- [Problem to solve]: Skip any image you find and restate the rest of the data word for word.
►
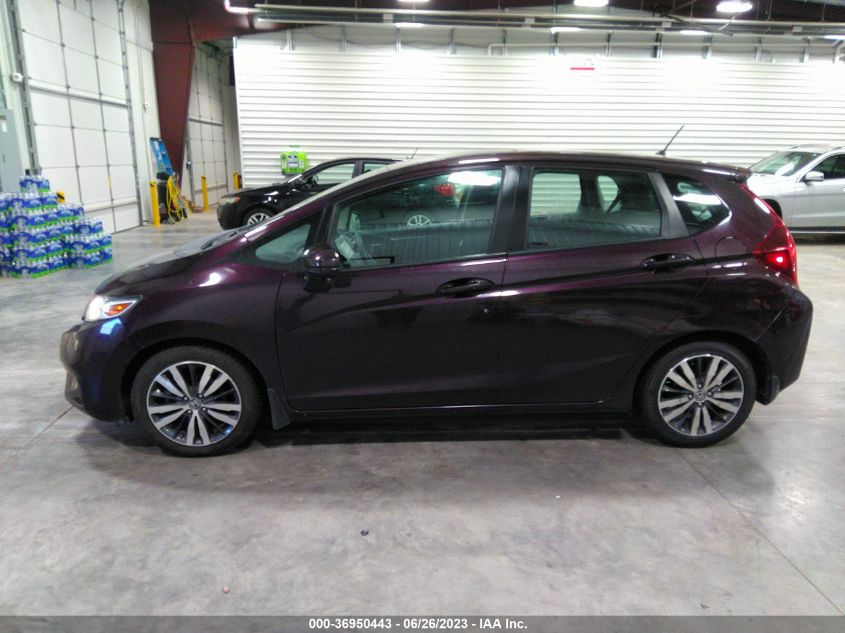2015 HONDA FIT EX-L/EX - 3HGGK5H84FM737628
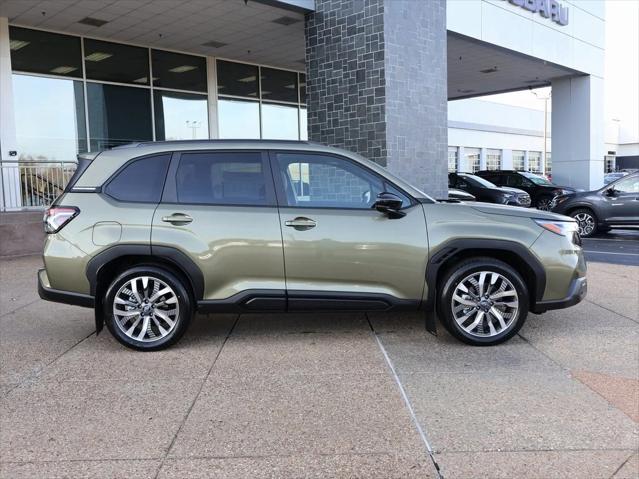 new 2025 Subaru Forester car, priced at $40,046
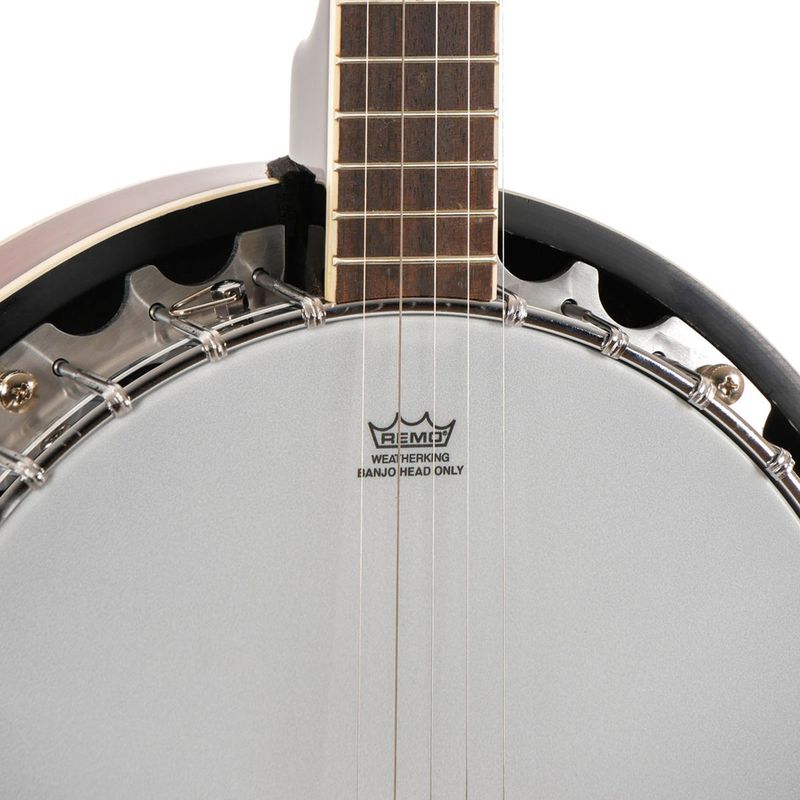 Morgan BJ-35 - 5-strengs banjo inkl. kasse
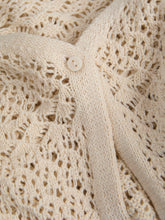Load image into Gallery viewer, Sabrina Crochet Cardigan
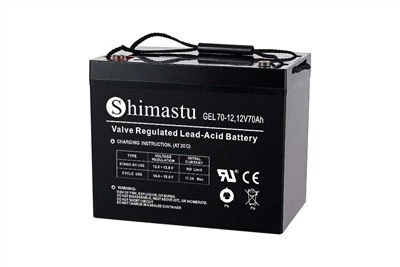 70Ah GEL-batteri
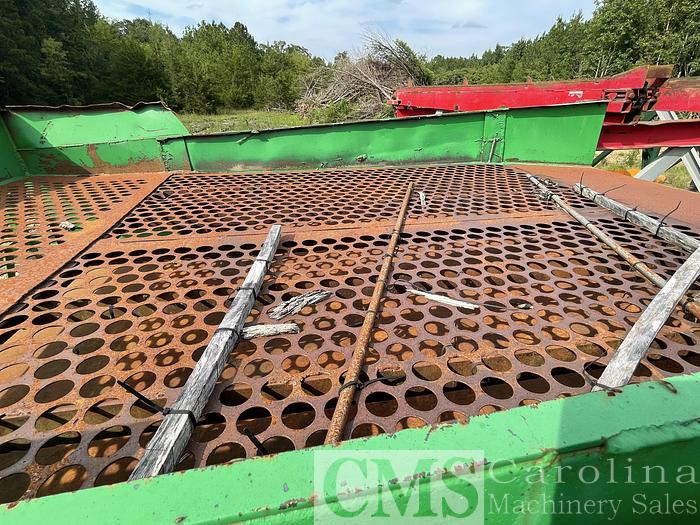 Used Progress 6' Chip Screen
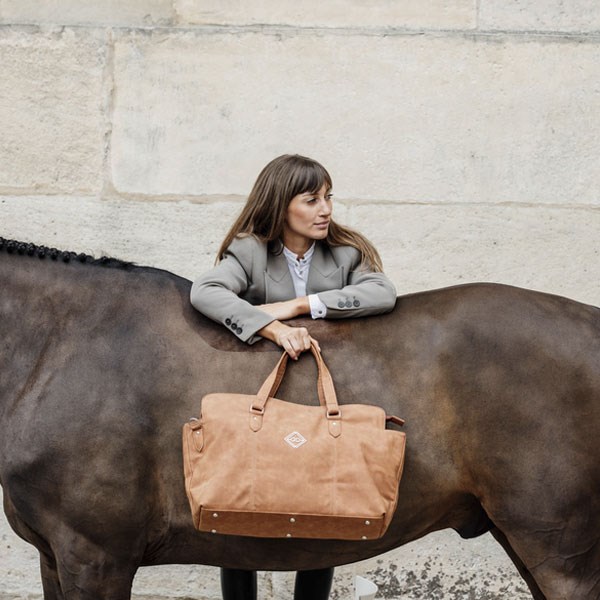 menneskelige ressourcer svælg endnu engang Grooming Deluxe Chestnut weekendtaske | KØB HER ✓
◄
- [Result below]:
2015 HONDA FIT EX-L/EX - 3HGGK5H84FM737628
 new 2025 Subaru Forester car, priced at $40,046
 Morgan BJ-35 - 5-strengs banjo inkl. kasse
Load image into Gallery viewer, Sabrina Crochet Cardigan
 70Ah GEL-batteri
 Used Progress 6' Chip Screen
 menneskelige ressourcer svælg endnu engang Grooming Deluxe Chestnut weekendtaske | KØB HER ✓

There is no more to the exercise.